DATA SEGMENT
********

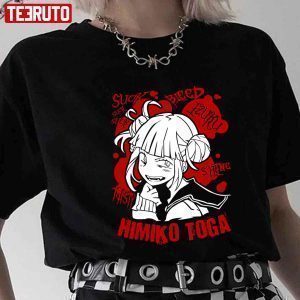 Himiko Toga Bleed My Hero Academia Boku No Hero Academia Classic Shirt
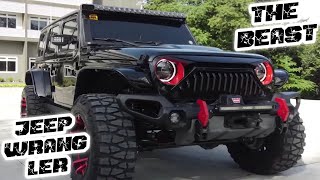 Extreme Jeep Wrangler 2021 Custom You Will Never See [upl. by Nehgaem]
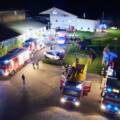 Abschnittsübung in Rauden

********

TASK BRIEF
Starting from the line that has "Extreme Jeep Wrangler" and ending at the last line of the material above, every line should be output exactly; pictures are dropped and nothing else appears.

OUTPUT OF THE TASK
 Extreme Jeep Wrangler 2021 Custom You Will Never See [upl. by Nehgaem]
 Abschnittsübung in Rauden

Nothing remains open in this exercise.